I live in Illinois. Illinois is a conservative’s nightmare. If you are trapped in the Land of Lincoln you can give up on anything worthwhile happening in the political arena. Better to hope for a miracle to minimize the damage from Springfield lawmakers’ decisions or, in the case of public pension reform, the refusal to make a decision.
By December Illinois will be doling out driver’s licenses to illegal immigrants under the foolish liberal do-gooder delusion that making illegals prove they have insurance when they get their license will ensure that they keep it. Are state legislators stupid, or do they believe their vision is so vital that they ignore the ethical questions swirling around their decisions as if they don’t matter?
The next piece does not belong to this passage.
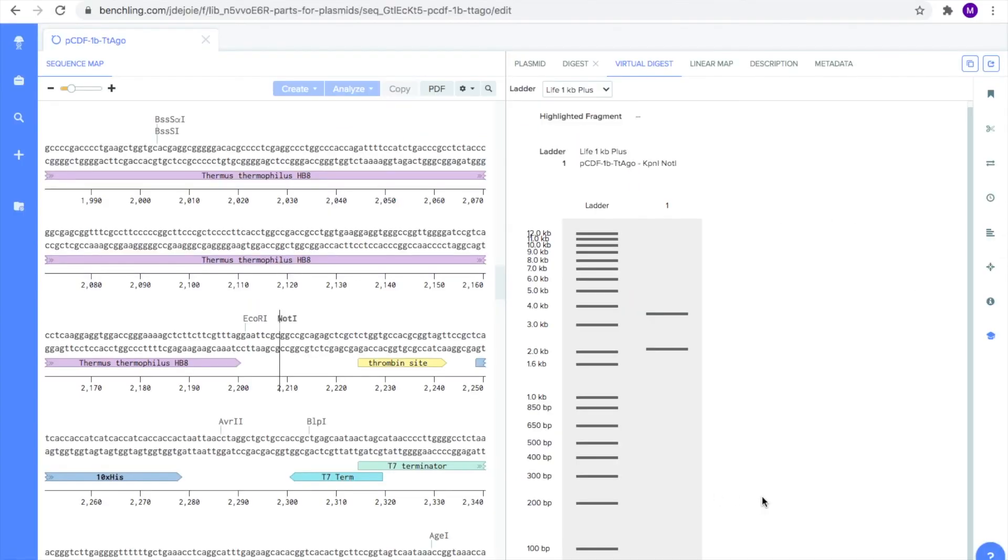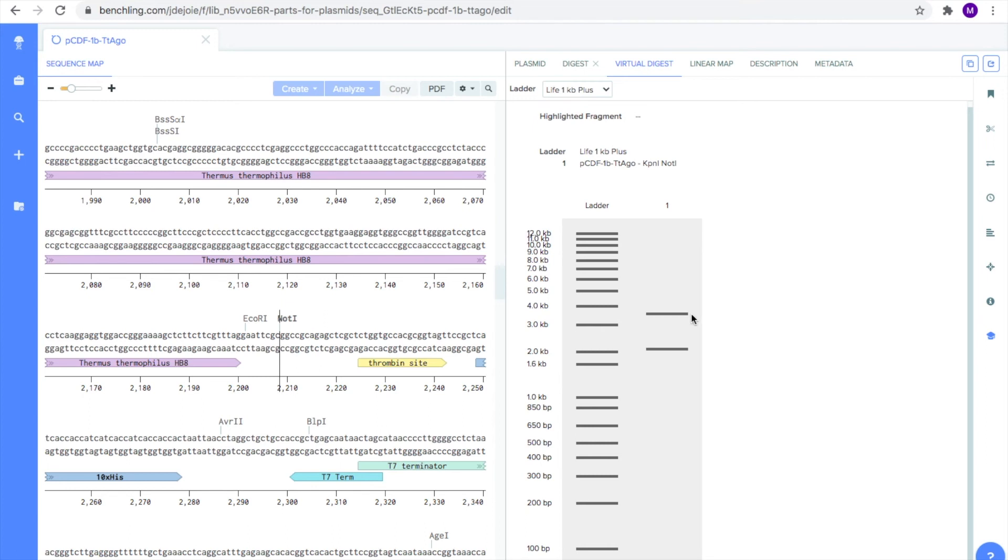What you see is an agarose gel with a ladder. The ladder provides a reference as to where fragments of certain lengths will be located on the gel. In column 1, you will see where the expected fragments from the virtual digest we just ran will be located. As you can see, there are two bands present which correspond to the two fragments produced by our restriction digest.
Illinois politics stinks. Washington is worse. You can leave Illinois, but the decisions members of Congress make on Capitol Hill impact everyone and make you a very tiny part of the big picture. If your senator or representative is a Democrat, then their decisions make you a contributor to the problems they create because they represent you.
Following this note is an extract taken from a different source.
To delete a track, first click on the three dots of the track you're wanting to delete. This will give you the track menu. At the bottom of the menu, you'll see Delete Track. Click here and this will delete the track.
What can we do between elections to get even with the stupidity we are forced to fund in government? Sometimes we get lucky. We stumble across an announcement for a candidate’s forum, town hall meeting, or some other public political event. If you are a conservative in Illinois or any blue state and feel inclined to ask a few ethical questions of your Democratic member of Congress, here are a few ideas to get you started.
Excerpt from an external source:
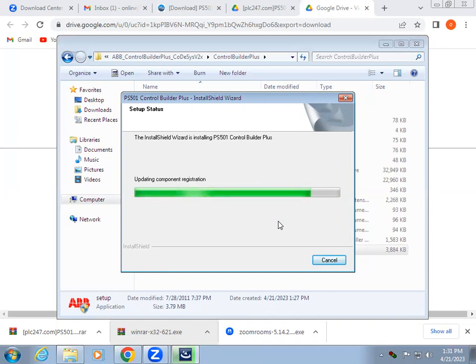In Control Builder Plus, we are going to select the model and do the hardware configuration. In Codecs, we are going to develop the program.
Where do you draw the line between social welfare and fiscal responsibility?
When do fairness and rights for illegal immigrants take precedence over the needs of American citizens?
What would you tell the parent of a student who is a citizen and was just denied resident tuition at a state school that granted it to the son of illegal immigrants living across the street?
Could your stance on the Affordable Care Act ever come before the wishes of your constituents?
Is the vote important enough to our democracy that Americans should prove they are eligible to exercise it?
Which is more important, the national debt or the partisan issues that keep us from fixing it?
What problems justify increasing the deficit?
If telling a lie was the only way to pass a piece of legislation you knew would bring huge benefits, would it be worth it?
If you thought your constituents were wrong about a bill, would you vote against their wishes?
When does the common good justify breaking party rank?
Considering you are a federal legislator, if a provision of a bill benefits members of your state but harms residents of others, is it still a good idea?
And a few ethical questions for members of the Illinois legislature:
Illinois raised the state income tax and most of the take went to a pension payment. When is it justified to take money from all to benefit the few?
The income tax increase was sold as a temporary tax hike. Will it be repealed on schedule?
One of the reasons behind giving driver’s licenses to illegal immigrants is so they can get to work and school. Illinois has one of the highest unemployment rates in the nation and it is illegal to work without a work permit. How will the driver’s license law not bring competition for jobs with citizens, undercut wages, and encourage an illegal workforce?
Civil Candor, I agree with you. Those in government receiving pay checks and other benefits provided by the taxpayer look out for themselves, they are greedy.
Civil Candor says
I am going to guess the answer is an unconditional “Hell yes, I would.”
One more question:
Would you vote for an increase in pay for Congress and other government officials knowing that some of the laws you have passed put millions of Americans on the unemployment lines?